Please help try to clarify my question while I talk with my broker at the same time. It is concerning margin requirements for an options spread. If I sell a hypothetical 5 point wide option spread for 1 point, and the points are $100, should I be charged $500 collateral to hold the spread or $400? I believe it should be $400, since I'm taking in $100, and my max risk in the trade is only $400. Thoughts? Thanks.
 
That's a great snapshot. Thank you. So it looks like the margin for that GOOG trade would be $885 at Optionsxpress. That's how I would calculate it. Seems like some brokers want to charge the whole $1000 as margin. Much appreciated.
 
the $885 is the requirement for the 10 pt spread. ($1000)
Minus the "Credit" from the sell ($160).
then the commission deducted from the Credit.
That leaves you with the $885 total required.
But...
I always use the amount required for the 10 pt spread as my guide for the trade. I just traded this today. Did 10 contracts, so I set up my budget for the trade for $10,000 required. I could have squeezed in one more contract with the Credit I received, but I don't.
 
Still don't understand your numbers....but I get the gist. As long as I know that some brokers aren't asking for the whole spread as margin, then I'm good. Thanks.
 
Quote from syd697:

Please help try to clarify my question while I talk with my broker at the same time. It is concerning margin requirements for an options spread. If I sell a hypothetical 5 point wide option spread for 1 point, and the points are $100, should I be charged $500 collateral to hold the spread or $400? I believe it should be $400, since I'm taking in $100, and my max risk in the trade is only $400. Thoughts? Thanks.

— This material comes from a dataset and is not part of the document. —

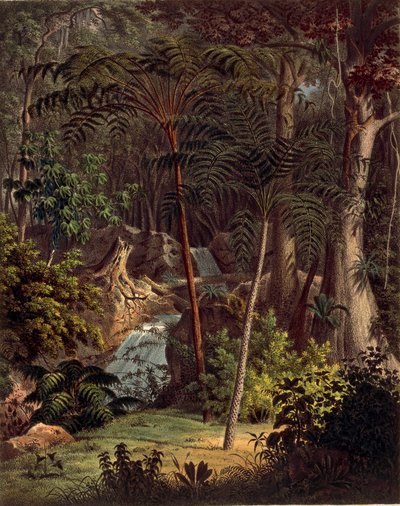 Selva amazónica, tabla XXVII de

basically, 500 will be set aside, but since you take in 100 the net effect on buying power will be 400.
 
The real reason I want to know is for calculating returns for the trade.

If my hypothetical trade expires worthless, and I get to keep the whole $100, would my return be 25% ($100/$400) or would it be 20% ($100/$500)? It all depends on how much the broker asks for margin.
 
Quote from syd697:

The real reason I want to know is for calculating returns for the trade.

If my hypothetical trade expires worthless, and I get to keep the whole $100, would my return be 25% ($100/$400) or would it be 20% ($100/$500)? It all depends on how much the broker asks for margin.

Your buying power is reduced by 400 so it's 25%.